Challenges and Controversies
RAOs and congregations also present some challenges as contexts for social work practice. Some RAOs have as a goal that service recipients transform their lives by embracing religious beliefs and values (Campbell et al., 2003; Monsma, 2002; Myers, 1999; Nelson, 2004; Sherman, 1997, 2002; Sherwood, 2006). Even in RAOs where this is not an organizational goal, it may be a goal of religiously motivated volunteers and staff members (Garland, Myers, & Wolfer, 2009). Many social workers are concerned when volunteers and program staff use social services as an opportunity to attempt to convert clients to their religious group. Instead of distancing themselves from these issues, social workers could help volunteers learn more effective ways to live their religious faith without breaching the self-determination of service recipients. Volunteers usually have not had the opportunity to explore what it means to be a client dependent on service, and the resulting power differential between volunteer and recipient that makes any verbal expression of religious faith implicitly a pressure on the recipient to agree. Breaching another's self determination is incongruent with Christian teachings and practices as well as social work ethics. For example, Christian beliefs of the soul-freedom of persons would not support attempts to impose values or beliefs on others, or to treat them as less worthy because of their beliefs, choices, or actions (Sherwood, 2002). All host settings for social work practice (for example, schools, hospitals, the military, and nursing homes) have the potential for ethical dilemmas for social workers employed in, or in field placements in, those settings. In the case of RAOs, those dilemmas may be related to policies on topics such as gender roles, sexual orientation, and reproductive rights. Whenever possible, social workers need to provide leadership to these organizations as they address these dilemmas, recognizing that otherwise, these organizations will continue to serve clients and communities without such leadership.

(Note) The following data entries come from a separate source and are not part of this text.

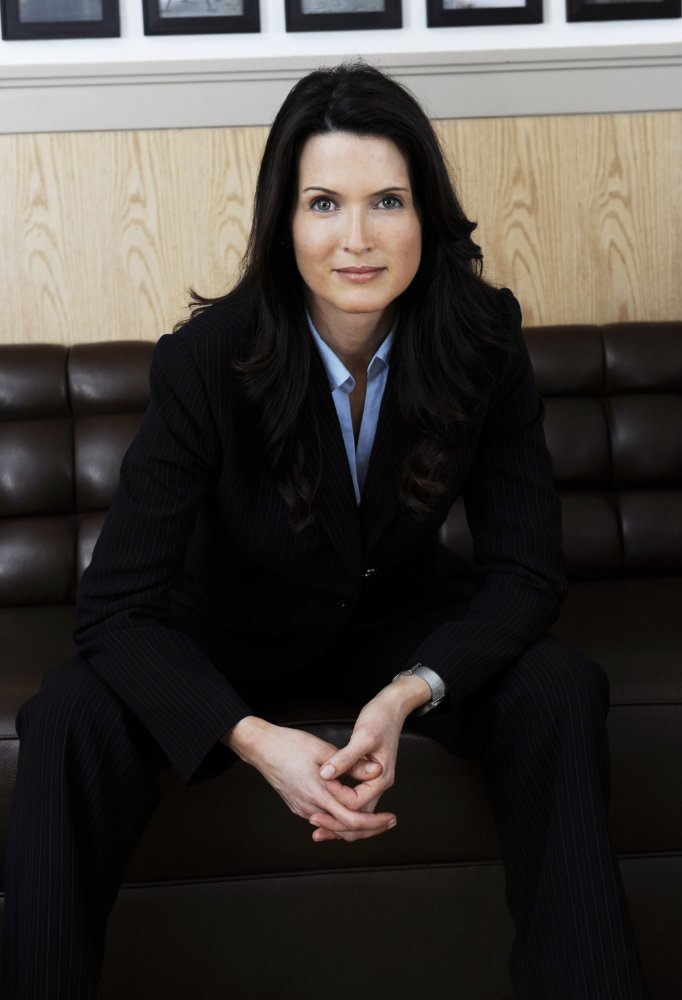 Kate Clarke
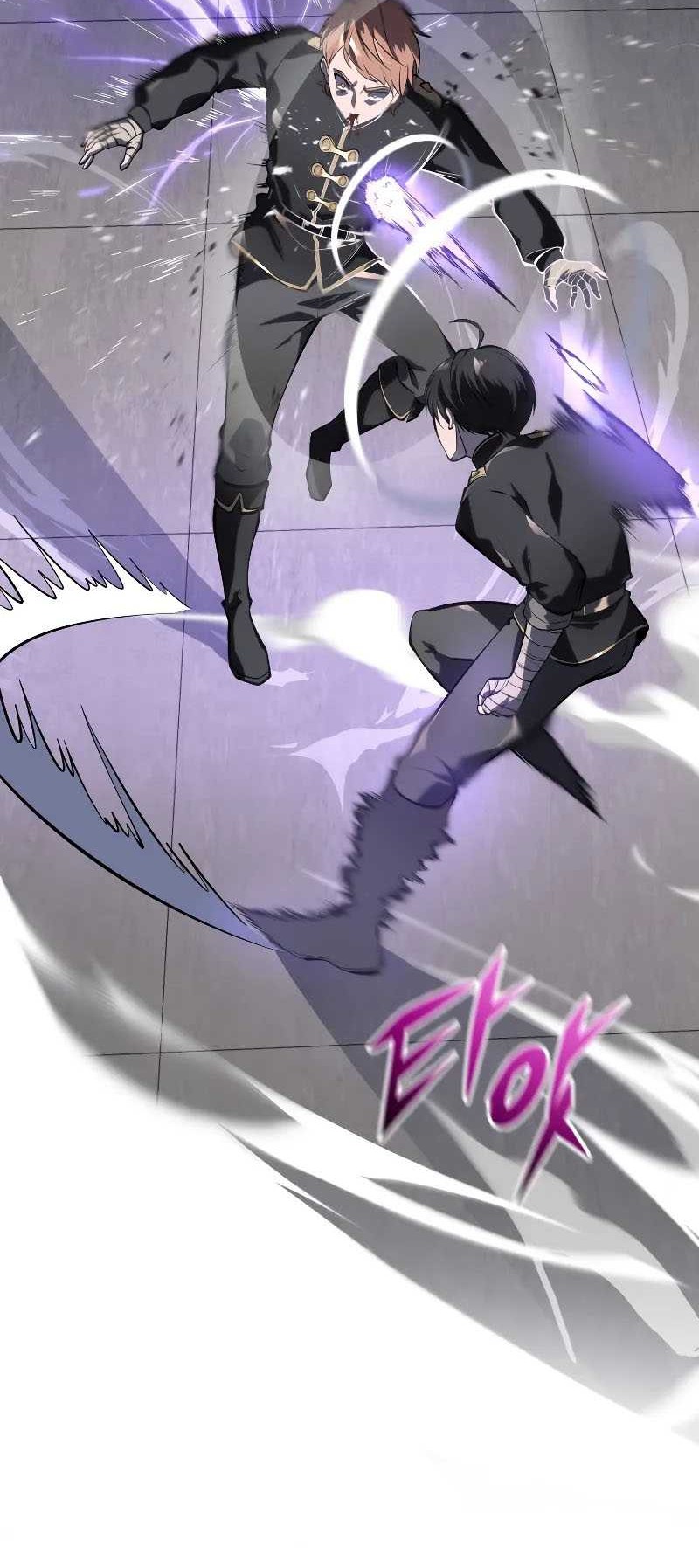 A Dragonslayer’s Peerless Regression Chapter 3 Gambar 32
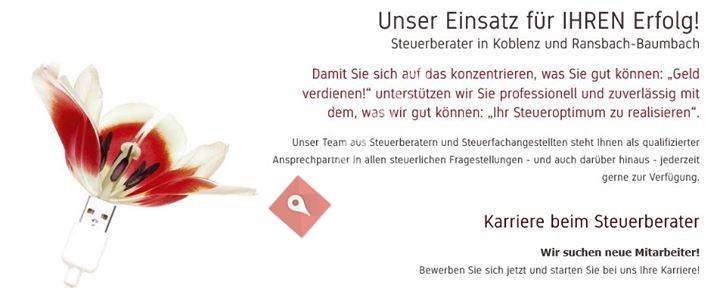 Steuerwerk Valenta & Olbrich GbR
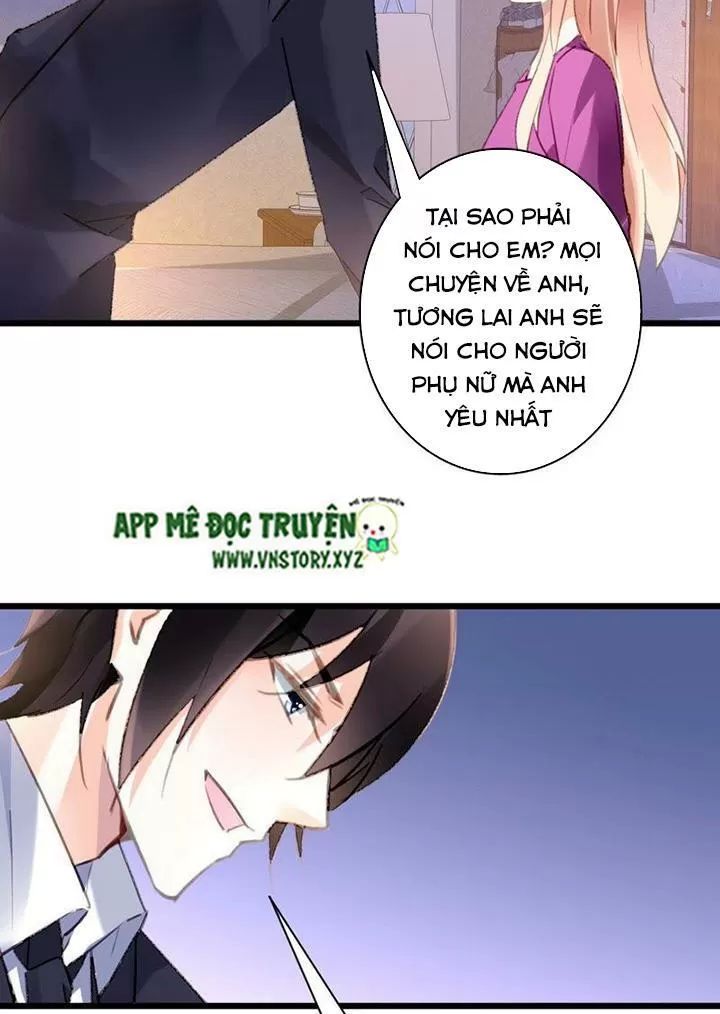 Mưu Ái Thành Nghiện Chapter 88 - 20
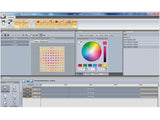 La suite completa de software de iluminación profesional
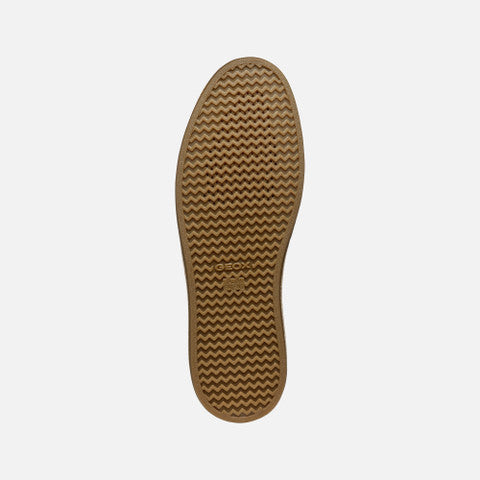 Sneaker Geox Uomo - Navy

In order to work in these settings, social workers must develop cultural competency, understanding the traditions, rituals, teachings, language, values, and beliefs of the particular organization or community just as one would in working with an ethnic minority group. Given the historical ties between social work and Christian social ministries, and the commitment of churches and their organization to care for those in need, developing competence for work in these settings is a worthy goal for the profession of social work.